Here is a python script which does the same and should run on windows

#!/usr/bin/env python3
"""
Discover differences by checksum between two rclone paths

Run it like

python3 hashdiff.py MD5 remote1:path remote2:path
"""

import sys
import subprocess

def sums(remote, hash_type):
    cmd = ["rclone", "hashsum", hash_type, remote]
    print(f"Running: {' '.join(cmd)}")
    out = subprocess.check_output(cmd)
    return dict( line.split(b"  ", 1) for line in out.split(b"\n") if line )

def missing(remote, hashes, sums):
    print(f"Hashes changed or missing on {remote}")
    for hash in hashes:
        print(sums[hash])
    print

def main():
    if len(sys.argv) != 4:
        print(f"Syntax: {sys.argv[0]} HASH remote1:path remote2:path")
        raise SystemExit(1)
    hash_type, source, dest = sys.argv[1:]
    source_sums = sums(source, hash_type)
    dest_sums = sums(dest, hash_type)
    source_hashes = set(source_sums.keys())
    dest_hashes = set(dest_sums.keys())
    missing(source, source_hashes - dest_hashes, source_sums)
    missing(dest, dest_hashes - source_hashes, dest_sums)
    
if __name__ == "__main__":
    main()

Thanks @albertony. Is there a way for me to pass the configuration password? Also, I'm assuming that it's a recursive lookup? When you say large directories, do you mean deeply nested paths or large files or both?

Thanks @ncw.
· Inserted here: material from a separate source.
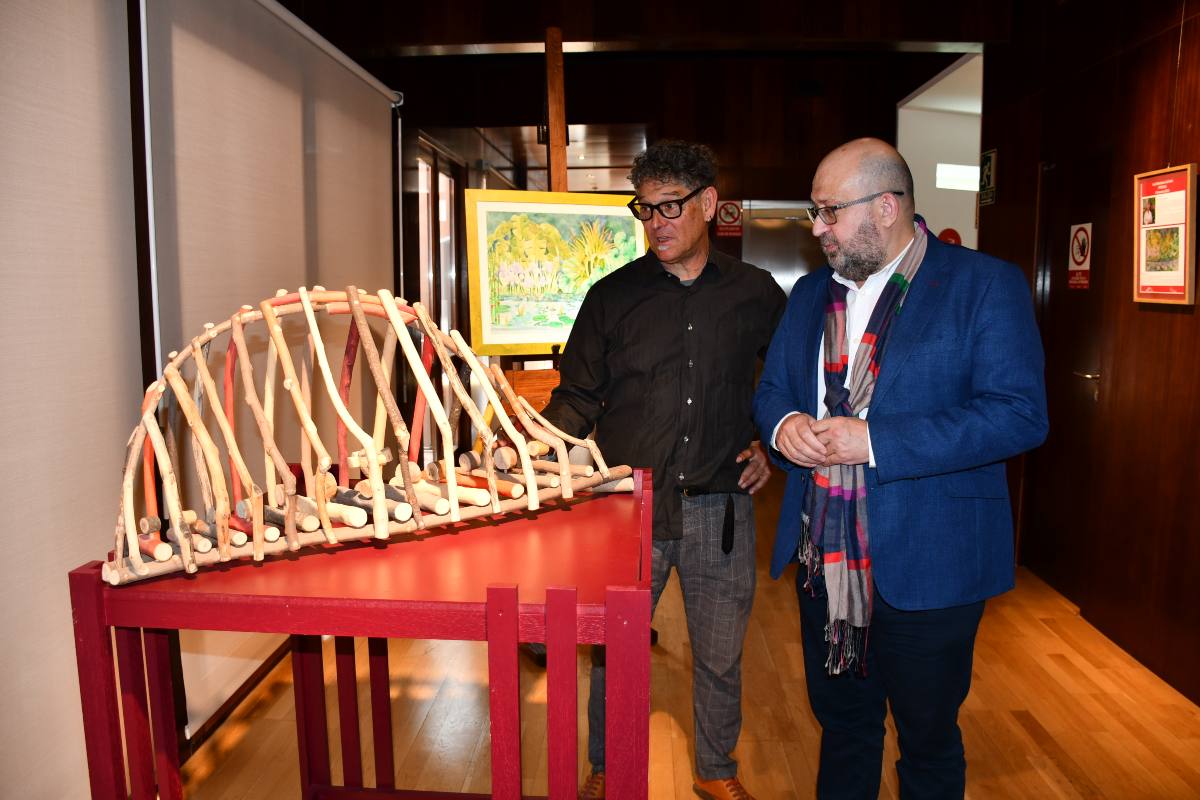 El diputado, disfrutando de la escultura "Semilla de la nueva vida".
The device unfortunately does not have Python and may be a challenge to install (subject to policy). Assuming it can be deployed, is it recursive if I start at the root of the source & destination? Also, how can I pass the configuration password?

Check out these, if you haven't already?

https://rclone.org/docs/#configuration-encryption

Ran a quick test of the python script, comparing result with the PowerShell snippet: If one of the remotes contain copies of the same file (same hash) that the other remote don't have, then the python script will not show it as diff but the powershell version will. Depends what you want. Both can be adjusted to do the opposite.